User Research We learn your users to ensure you develop the right product
User research encompasses a range of activities to help understand and identify the factors influencing the user interactions as they relate to a safe, usable and reliable product. Factors include target users, demographics, use environment, product functions, user interactions and user training. Insights gained from these activities are used to formalise the product and user requirements and drive user-centred design solutions.
Cobalt can provide a wide range of user research activities including:
- User observations
- User interviews
- Predicate device review including benchmark testing and analysis
- Standards and regulatory review
Requirements and Risk Using user insights to define the product and mitigate risk
Using outcomes of the User Research activities, Cobalt can assist clients in definition and preparation of requirements and risk management documentation. This process is focussed on developing a product and development strategy and specification that ensures your product is on a path to address the identified opportunity and ensure ease of use while minimising risk.

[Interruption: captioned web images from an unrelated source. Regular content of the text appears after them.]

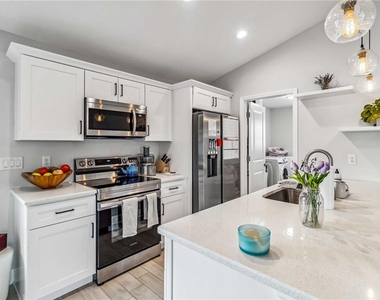 6771 Topeka Lane - Photo Thumbnail 9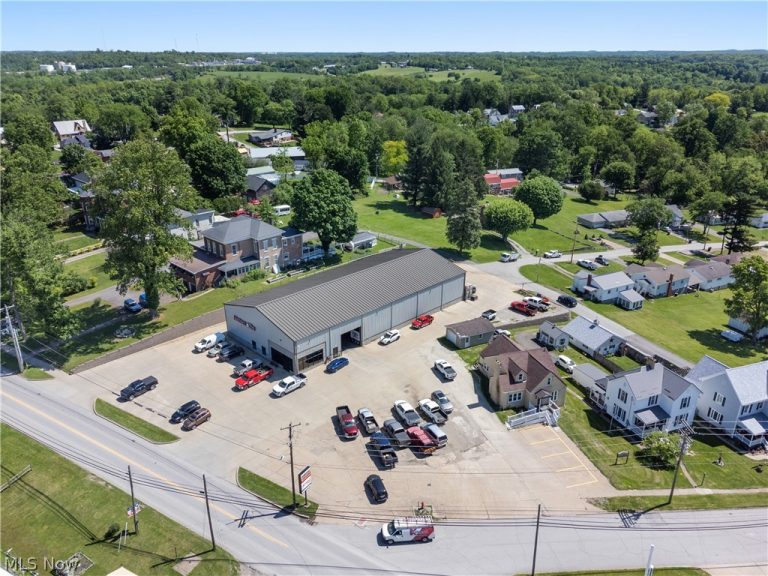 419 Lincoln, Cadiz, OH - Photo 8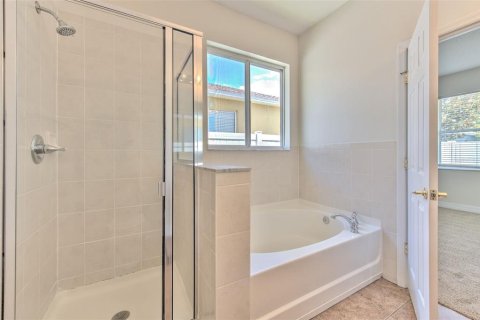 House in Riverview, Florida 3 bedrooms, 157.1 sq.m. № 2101931 - photo 18
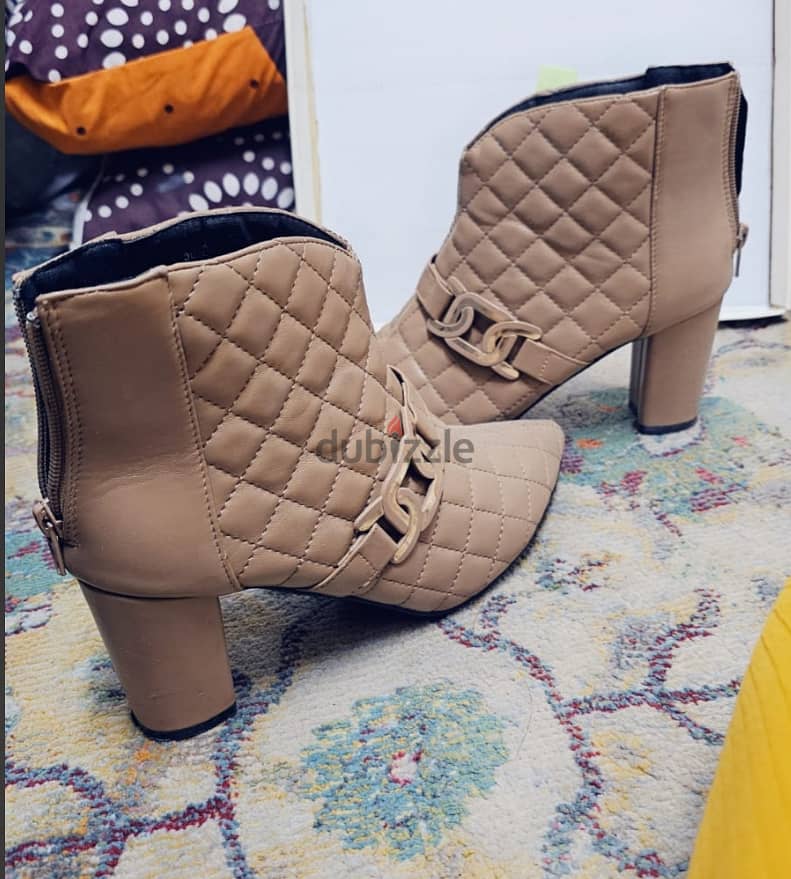 Beige Heeled Boots - size 39 0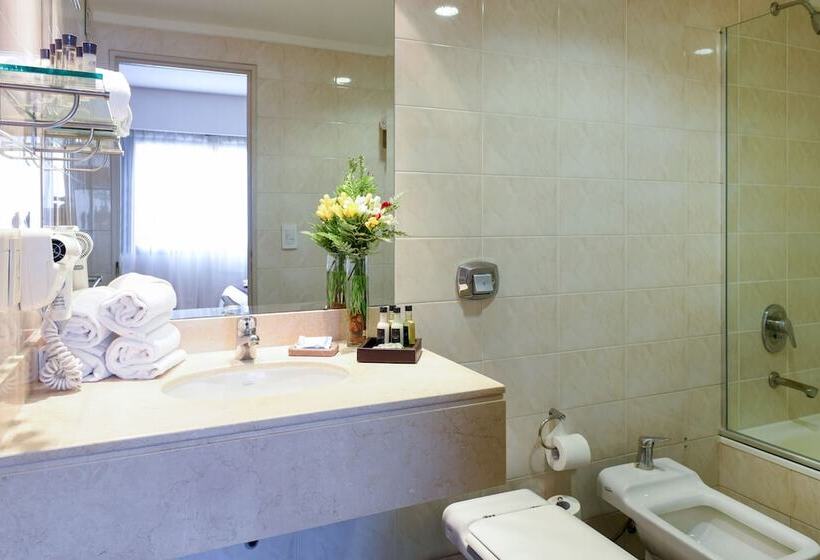 اتاق استاندارد سه نفره, Argenta Tower Hotel & Suites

This documentation will comply with the requirements of FDA, and IEC 62366, and forms a key part of your ISO 13485 compliant medical device development. These documents include User Needs, Product Requirements, Risk management plan and risk and hazard analysis report.
Usability Testing Evaluation of your product and it’s user interactions
Testing and validation are critical parts of an ISO 13485 compliant development program. When applied to usability engineering, there are two major testing steps that are required. Both are aimed at real world evaluation of your product in the hands of real users to ensure your development is addressing the requirements and product risk is being properly mitigated.
- Formative Testing – testing and evaluation of the product during the design process. This is used at multiple times during the development program to inform design decisions and help improve user interactions.
- Summative Testing – also known as human factors validation is usually performed once the design, development and verification steps are complete and is used to prove that a product can be used safely and effectively by the intended users. Often requiring large user groups and done with assistance of clinical partners, these tests require production or equivalent product.
Regulatory Compliance Documentation to ensure your regulatory submission is done right
Preparation of all documentation to meet the requirements for usability engineering as part your ISO 13485 compliant medical device development. This documentation, also known as Usability Engineering File (UEF), forms part of the overall with the design documentation (design history file) - a major part of the regulatory compliance requirements and submission.